WHAT IS THE ACTUAL CONDITION OF IRELAND?
Returning to settle in Ireland after an absence that began more than twenty years ago, I found two things strongly claiming my attention. One, was the very great advance in material well-being which my country appeared to have made. The other, was the fact that both Englishmen and Irishmen appeared resolutely to ignore this progress. Nearly all who write and speak about Ireland, either dwell upon her grievances or assume poverty as her normal condition. I know not of any who have attempted to record her returning prosperity. Yet there are few facts in modern history better worthy of notice than the advance in material wealth which has taken place in Ireland during the thirty years between 1846 and 1876.
The year 1879 marks the close of just one-third of a century from the great famine.
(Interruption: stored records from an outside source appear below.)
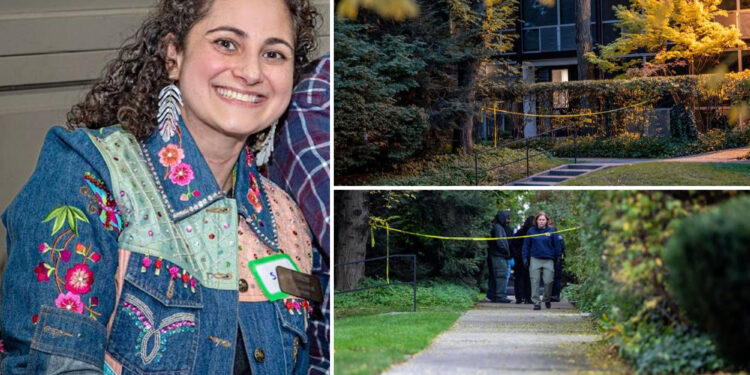 Detroit police 'just short' of naming suspect in synagogue leader's death, chief says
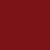 4230 Kidney Beans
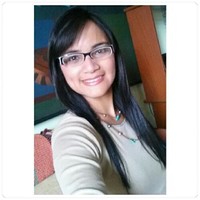Estefania Carrillo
The first thirty years of this period, 1846-76, were years of continual advance in well-being. From 1877 and down to the present year a reaction has been going on, which is largely connected with a general depression of trade all over the world. For reasons which will appear hereafter, I do not hold that this reaction is likely to be permanent.
It is true that at the beginning of that period the country was in the very lowest depths of poverty and depression. The starting-point therefore was a very backward one: and the wonder is that so much advance should have been made, considering not only the backwardness of the starting-point but the difficulties of the road.
I shall not attempt to depict the state of things which prevailed at the close of the great potato famine. The condition of the country is well known; the facts are in the recollection of many persons now living; and the evidence is within the reach of all inquirers. I may safely assume that Ireland then was among the very poorest of all the countries in Europe. What is her position now?
In discussing the social condition of any country, the population question naturally comes to the front. Is the population pressing unduly on the means of subsistence? then there is something wrong, and until this is set right progress is impossible. On the other hand, if the population is so sparse as to leave the resources of the country undeveloped, there is also something wrong, though in this case the evil is far less. The population, such as it is, may be prosperous and advancing, though it is not producing all it might.
The former was notoriously the state of things in Ireland before 1847.[21] In 1845 (the year immediately preceding the famine) the population was at the highest point it attained during the present century, and probably the highest it ever reached. It was estimated at 8,295,061. In 1847, the year when the famine was at its height, the numbers are given as 8,025,274. In 1875, just thirty years after the maximum, the numbers had fallen to 5,309,494. In 1877 they were estimated at 5,338,906, showing an increase over 1875 of 29,412.